Punto numero uno: se davvero quello appena scoperchiato dalla Wada è un caso di doping di Stato, come sembra vedendo le prove presentate e leggendo i resoconti delle testimonianze, è giusto procedere con la massima durezza.

Punto due: in questo momento tutti si scagliano contro la Russia, ma iniziano a trapelare le prime cautele per non correre rischi di coinvolgimento in uno scandalo che ha probabilmente più facce di quelle messe in mostra finora.

Punto tre: di Stato o privatizzato, il doping è una pratica diffusa ovunque si pratichi sport e purtroppo, tornando indietro con la memoria, nessuna tra le nazioni protagoniste ad alto livello si può permettere di assumere il ruolo di maestro e di giudice super partes.

Ma andiamo con ordine, partendo dal punto uno. La frenesia con cui in Russia si stanno muovendo in queste ore indica due cose: la necessità di presentare il più rapidamente possibile una faccia nuova al mondo dello sport, ammettendo però implicitamente che qualcosa di sporco è stato fatto, e la volontà di non perdere il treno di Rio 2016 su cui Putin, da sempre sostenitore della vetrina olimpica per sostenere l’immagine del Paese, ha puntato molte delle sue carte.

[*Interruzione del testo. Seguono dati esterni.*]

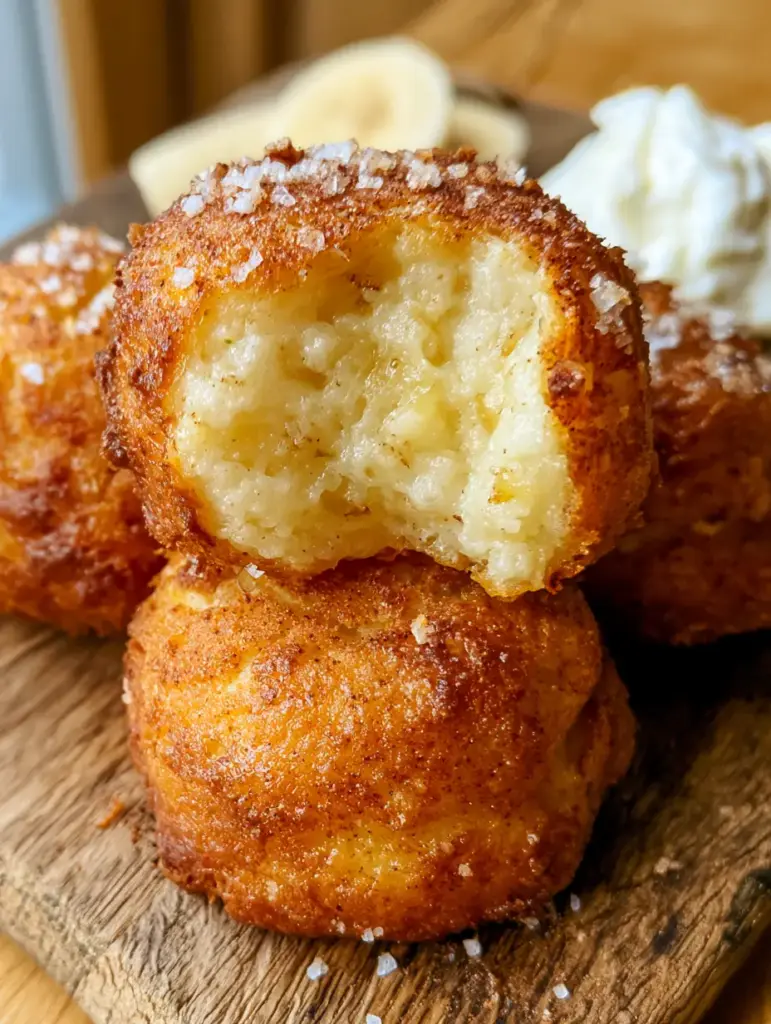 Bananen Quarkbällchen: The Ultimate Fluffy Air-Fried Banana Quark Donut Holes 1 Three golden banana quark balls on a rustic board with a dollop of fresh white quark in the background.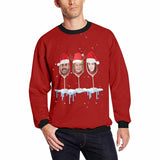 Personalized Face Christmas Wine Cup Ugly Men's Christmas Sweatshirts, Gift For Christmas Custom face Sweatshirt, Ugly Couple Sweatshirts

In questa chiave, oltre alla chiusura immediata del laboratorio sotto accusa, vanno lette le immediate dimissioni di Grigory Rodchenkov, l’ex mezzofondista che avrebbe ordinato di far sparire oltre 1400 provette tre giorni prima di una (annunciata) ispezione della Wada. Ma anche l’incontro che lo stesso Putin ha programmato per oggi con Juri Borzakovsky, da pochi mesi a capo della Federazione russa di atletica leggera: un signore che con le medaglie ha un certo feeling, visto che nel 2004 ha fulminato tutta la concorrenza negli 800 metri piani, conquistando l’oro alle Olimpiadi di Atene. Una faccia nuova e pulita che Putin intende far pesare nell’inevitabile braccio di ferro destinato ad aprirsi con la Iaaf, la Federazione internazionale di atletica leggera guidata da Lord Sebastian Coe.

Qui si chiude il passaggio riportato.